If one looked at the economy that Bush41 left Clinton to the one that Carter left Reagan, both would be described as economies that were slowly and tentatively recovering from recessions with similar unemployment rates. So if we looked at real GDP growth during the Reagan-Bush41 periods, we could be relatively assured that we would be picking up more of the long-term growth and less of Keynesian features. Real GDP growth during this period was 3% as compared to around 3.5% from thirty years before the Reagan-Bush41 era and 3.7% during the Clinton term. But Alan Reynolds wants to distort this fact and to do so, he has to deny the 1981-82 recession.

5 comments:

rosserjb@jmu.edu said...

That is indeed a very serious goog on the part of Reynolds. What a moron. That recession was actually the deepest since the Great Depression, and still is.
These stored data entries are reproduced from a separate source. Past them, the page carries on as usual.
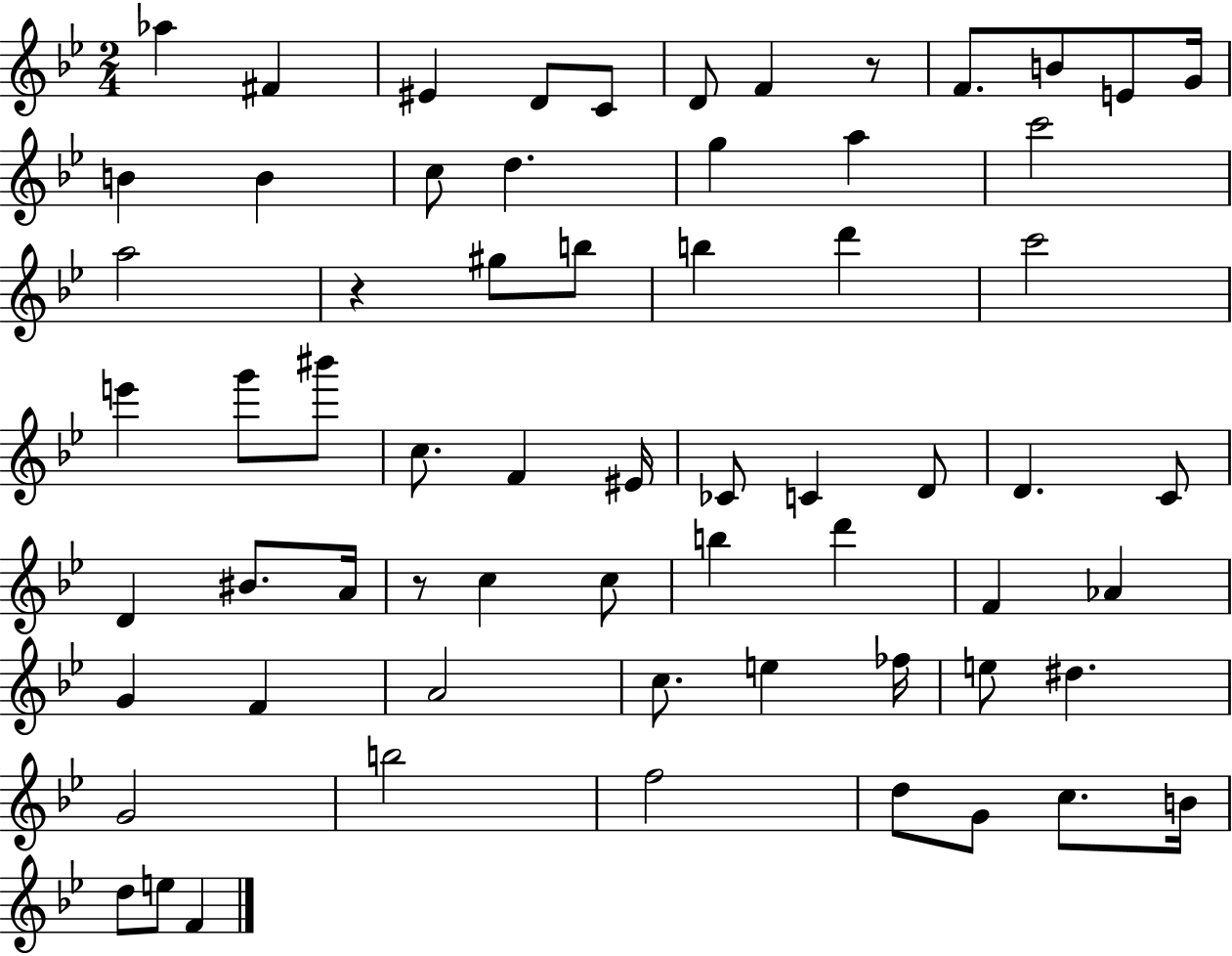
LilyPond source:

{
  \clef treble
  \numericTimeSignature
  \time 2/4
  \key bes \major
  aes''4 fis'4 | eis'4 d'8 c'8 | d'8 f'4 r8 | f'8. b'8 e'8 g'16 | \break b'4 b'4 | c''8 d''4. | g''4 a''4 | c'''2 | \break a''2 | r4 gis''8 b''8 | b''4 d'''4 | c'''2 | \break e'''4 g'''8 bis'''8 | c''8. f'4 eis'16 | ces'8 c'4 d'8 | d'4. c'8 | \break d'4 bis'8. a'16 | r8 c''4 c''8 | b''4 d'''4 | f'4 aes'4 | \break g'4 f'4 | a'2 | c''8. e''4 fes''16 | e''8 dis''4. | \break g'2 | b''2 | f''2 | d''8 g'8 c''8. b'16 | \break d''8 e''8 f'4 | \bar "|."
}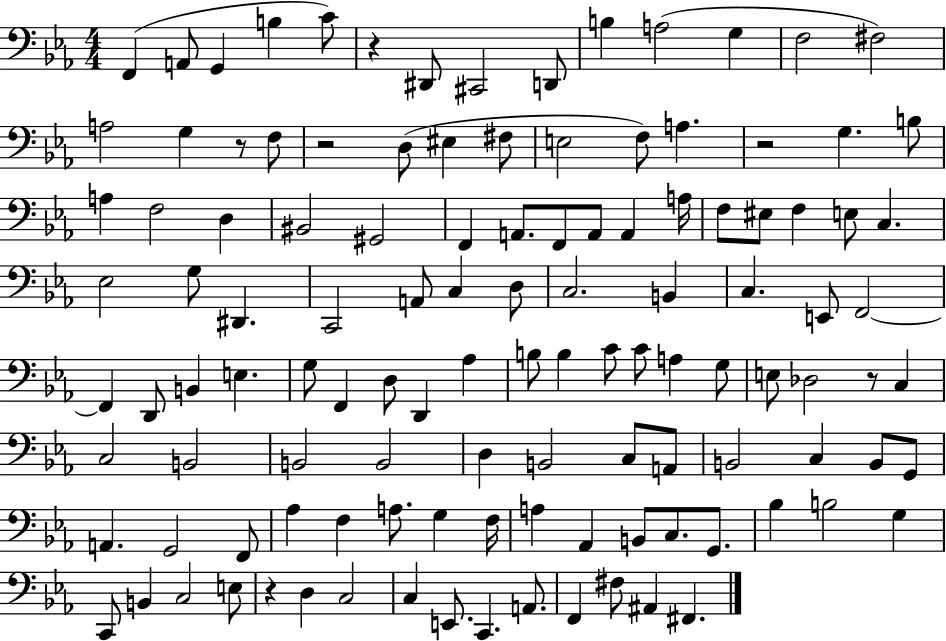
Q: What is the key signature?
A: EES major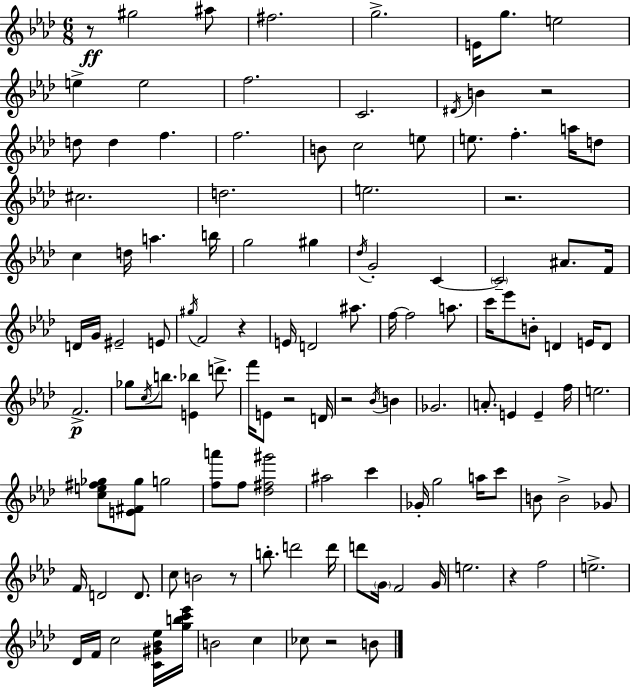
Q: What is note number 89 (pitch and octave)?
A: B4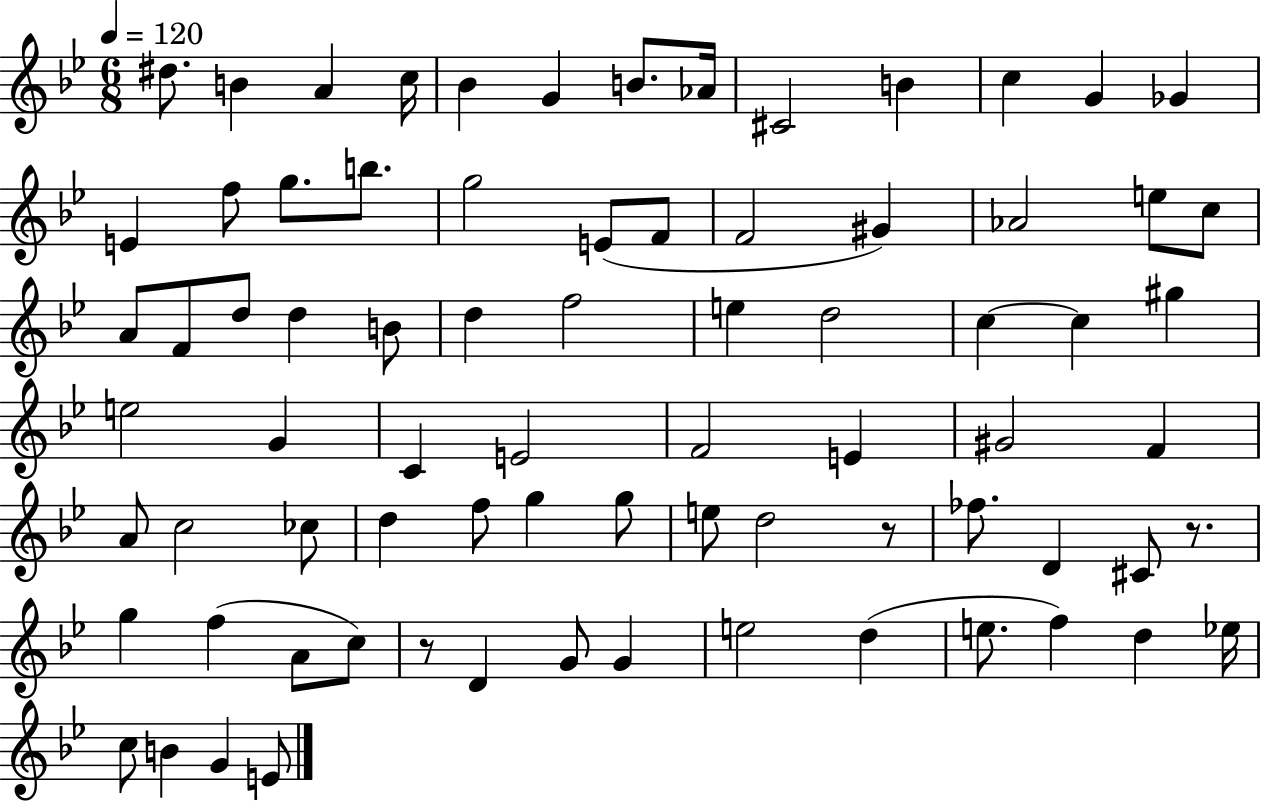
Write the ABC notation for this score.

X:1
T:Untitled
M:6/8
L:1/4
K:Bb
^d/2 B A c/4 _B G B/2 _A/4 ^C2 B c G _G E f/2 g/2 b/2 g2 E/2 F/2 F2 ^G _A2 e/2 c/2 A/2 F/2 d/2 d B/2 d f2 e d2 c c ^g e2 G C E2 F2 E ^G2 F A/2 c2 _c/2 d f/2 g g/2 e/2 d2 z/2 _f/2 D ^C/2 z/2 g f A/2 c/2 z/2 D G/2 G e2 d e/2 f d _e/4 c/2 B G E/2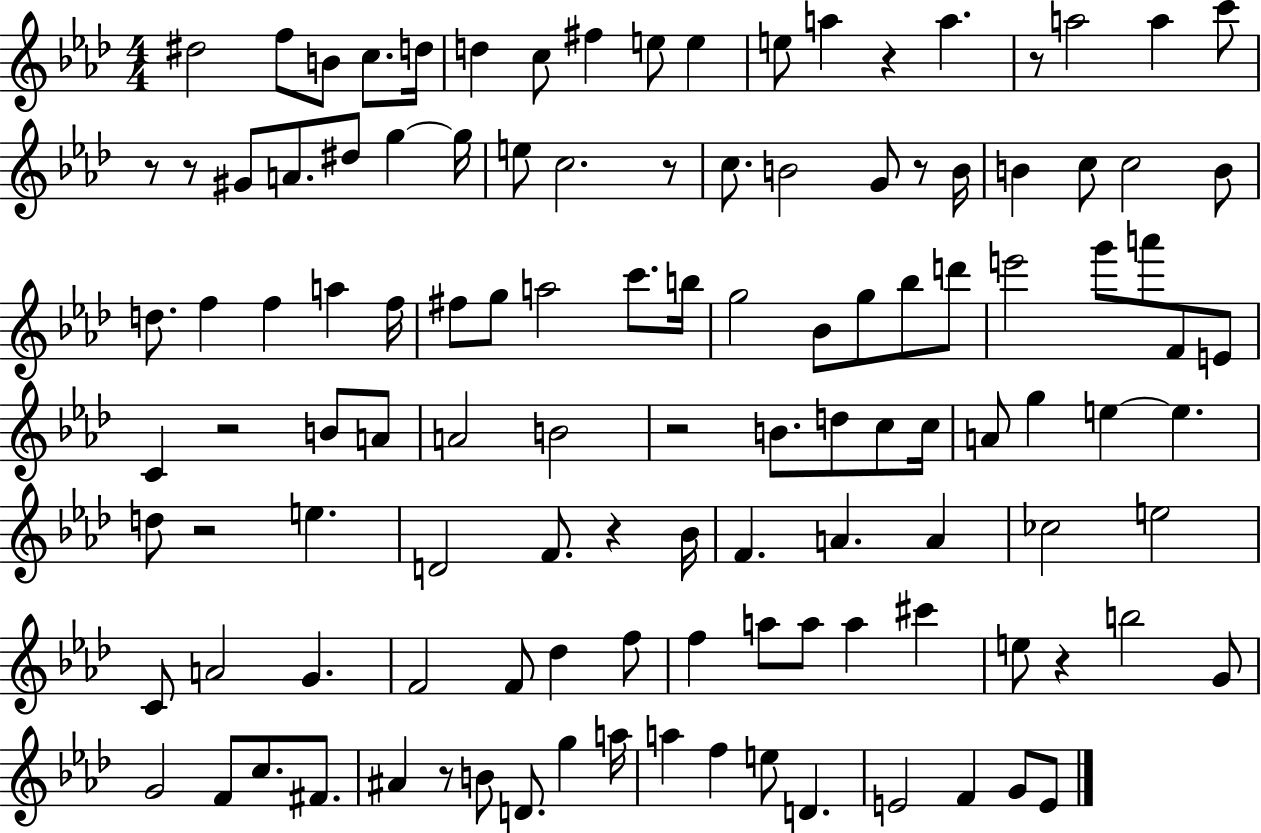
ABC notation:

X:1
T:Untitled
M:4/4
L:1/4
K:Ab
^d2 f/2 B/2 c/2 d/4 d c/2 ^f e/2 e e/2 a z a z/2 a2 a c'/2 z/2 z/2 ^G/2 A/2 ^d/2 g g/4 e/2 c2 z/2 c/2 B2 G/2 z/2 B/4 B c/2 c2 B/2 d/2 f f a f/4 ^f/2 g/2 a2 c'/2 b/4 g2 _B/2 g/2 _b/2 d'/2 e'2 g'/2 a'/2 F/2 E/2 C z2 B/2 A/2 A2 B2 z2 B/2 d/2 c/2 c/4 A/2 g e e d/2 z2 e D2 F/2 z _B/4 F A A _c2 e2 C/2 A2 G F2 F/2 _d f/2 f a/2 a/2 a ^c' e/2 z b2 G/2 G2 F/2 c/2 ^F/2 ^A z/2 B/2 D/2 g a/4 a f e/2 D E2 F G/2 E/2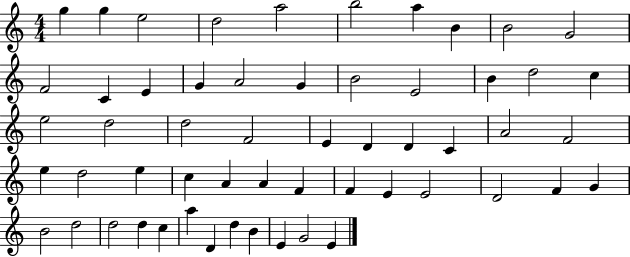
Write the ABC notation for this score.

X:1
T:Untitled
M:4/4
L:1/4
K:C
g g e2 d2 a2 b2 a B B2 G2 F2 C E G A2 G B2 E2 B d2 c e2 d2 d2 F2 E D D C A2 F2 e d2 e c A A F F E E2 D2 F G B2 d2 d2 d c a D d B E G2 E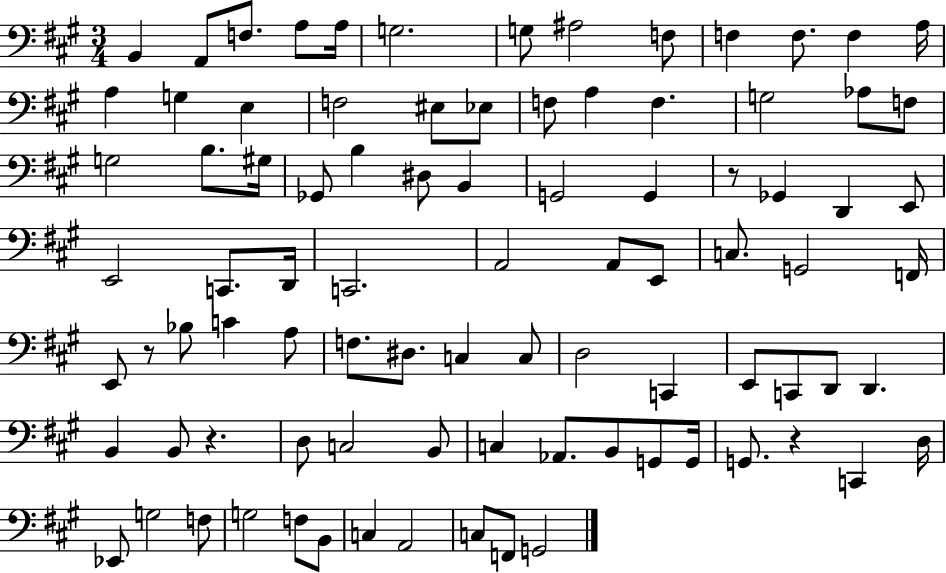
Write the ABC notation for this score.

X:1
T:Untitled
M:3/4
L:1/4
K:A
B,, A,,/2 F,/2 A,/2 A,/4 G,2 G,/2 ^A,2 F,/2 F, F,/2 F, A,/4 A, G, E, F,2 ^E,/2 _E,/2 F,/2 A, F, G,2 _A,/2 F,/2 G,2 B,/2 ^G,/4 _G,,/2 B, ^D,/2 B,, G,,2 G,, z/2 _G,, D,, E,,/2 E,,2 C,,/2 D,,/4 C,,2 A,,2 A,,/2 E,,/2 C,/2 G,,2 F,,/4 E,,/2 z/2 _B,/2 C A,/2 F,/2 ^D,/2 C, C,/2 D,2 C,, E,,/2 C,,/2 D,,/2 D,, B,, B,,/2 z D,/2 C,2 B,,/2 C, _A,,/2 B,,/2 G,,/2 G,,/4 G,,/2 z C,, D,/4 _E,,/2 G,2 F,/2 G,2 F,/2 B,,/2 C, A,,2 C,/2 F,,/2 G,,2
Unemployment got to over 10%. Part of why it is so easily forgotten is that the recovery from it was very fast, with something on the order of 8% GDP growth in 1983, which set Reagan up for running on his "Morning in America" stuff in 1984, that Orwellian year.

TheTrucker said...

Everyone rational is already aware of the cherry picking that must be done to support the Republican version of political economy. Arguing from a rational point of view and actually using the full historical data is not going to help. Republican econ is a religion.

Every four years the Republicans have a convention where they select the best liar. That individual becomes their candidate for the presidency. Sometimes they can be beaten. But it is not done with logic and rationality. And most certainly it cannot be done by unmasking them as liars. The ability to get away with the lies simply feeds their ego. And each and every neoconomist is awarded commensurate with the ability to snooker the "not so aware".

Obama has offered something better than the typical scorched earth "righteousness" approach to the presidency and it seems to have worked politically. But this can never work in the Senate because the Senate does not represent the people at all. The Senate represents the rich and the powerful even in its best design. Due to the Connecticut Compromise the Senate has become the bastion of Red State power along with being the bastion of rich people power.

There is no way that Ms Congeniality (Harry Reid) is going to ever work in the Senate. The proposal at dailykos.com is the proper methodfor dealing with the problem. Elections are supposed to have consequences. That is why we have them.

Anonymous said...

Trucker, how is that tinfoil hat feeling?

Robin said...

There were two recessions, one in 1980 another in 1981-82. If we use $5329.8 billion as the peak rather than $5221.3, it still remains true that $5253.8 billion exceeded the cyclical peak. After that, we the economy was past recovery and onto expansion, as industrial production also shows.

Robin said...

There's a mistake in my last post. Real GDP did not exceed the third quarter 1981 level until the second quarter of 1983 ($5372.2)-- not the first quarter as Reynolds wrote. That still seems like a nitpick though, not a "very serious goog (sic)."